Rrom geeks for geeks: (https://www.geeksforgeeks.org/sieve-of-eratosthenes/)

Following is the algorithm to find all the prime numbers less than or equal to a given integer n by Eratosthenes’ method:

-Create a list of consecutive integers from 2 to n: (2, 3, 4, …, n).
-Initially, let p equal 2, the first prime number.
-Starting from p, count up in increments of p and mark each of these numbers greater than p itself in the list. These numbers will be 2p, 3p, 4p, etc.; note that some of them may have already been marked.
-Find the first number greater than p in the list that is not marked. If there was no such number, stop. Otherwise, let p now equal this number (which is the next prime), and repeat from step 3.

Here was my initial pass

def sieve(n):
	i = {}
	for x in range(2,n+1):
		i[x] = True
	#print(i)
	p = 2
 
	while p < n+1:
		temp = p
		while temp < n+1:
			temp = temp + p
			if temp < n+1:
				i[temp] = False
		p = p + 1
	out = []
	for j in i:
		if i[j]:
			out.append(j)
 
	print(out)
	print(len(out))

I tested it with the prime numbers up 100 first.

sieve(100)

The results were:

[2, 3, 5, 7, 11, 13, 17, 19, 23, 29, 31, 37, 41, 43, 47, 53, 59, 61, 67, 71, 73, 79, 83, 89, 97]
25

This was correct, but I felt unsatisfied with it. I took a few hours off and then realized what i didn’t like about it. It was using the algorithm but it was brute force at the same time. False was getting repeatedly set.

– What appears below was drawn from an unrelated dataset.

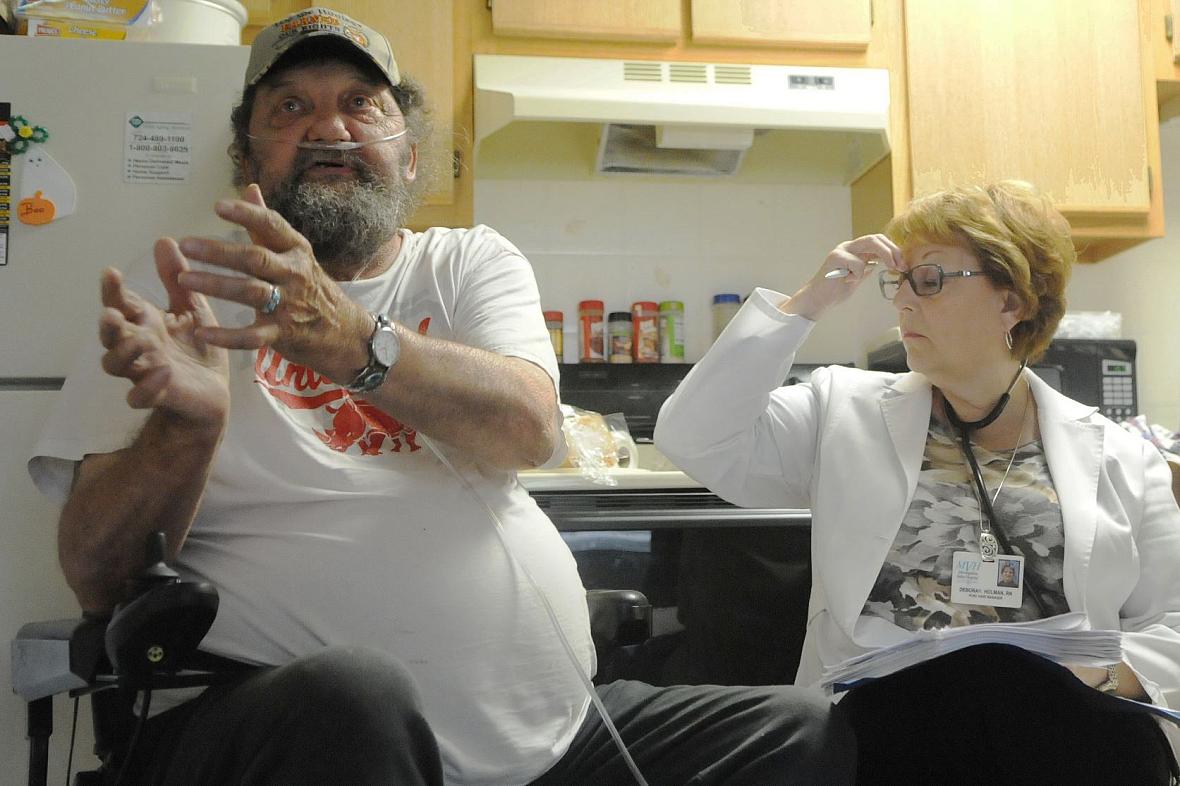 Clifford Schmidt, 71, talks with Monongahela Valley Hospital nurse Deborah Holman during a scheduled home visit in Mon Valley.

So my first correction was in the for loop and I updated it to

#sieve_firstcheck
			if temp < n+1 and i[temp] is True:
				i[temp] = False

I removed the list output so I could test a much larger number and it’s timing.

sieve_(10000)
sieve_firstcheck(10000)

and then

sieve(1000000)
sieve_firstcheck(1000000)

The results between the first and the updated check were interesting. The first test had the original code with faster results. I assumed this was due to the second check causing an additional instruction cycle.

1229
0.0295870304107666

1229
0.033675193786621094

The second test actually showed a speed improvement with the massive quantity of checks

78498
6.891968011856079

78498
6.706780910491943

I still felt that this wasn’t the improvement I was looking for. Then I realized I could put the check on a higher scope and came up with the following code

def sieve_check(n):
	i = {}
	for x in range(2,n+1):
		i[x] = True
	#print(i)
	p = 2
 
	while p < n+1:
		temp = p
		if i[temp] != False:
			while temp < n+1:
				temp = temp + p
				if temp < n+1 :
					i[temp] = False
		else:
			pass
		p = p + 1
	out = []
	for j in i:
		if i[j]:
			out.append(j)
 
	#print(out)
	print(len(out))

The results for this were much improved.

1229
0.013341188430786133

78498
1.760051965713501

For the first test it was 1/3 of the original timing and then for larger number it was actually 1/4 of the original timings. Clearly this was what I was looking for.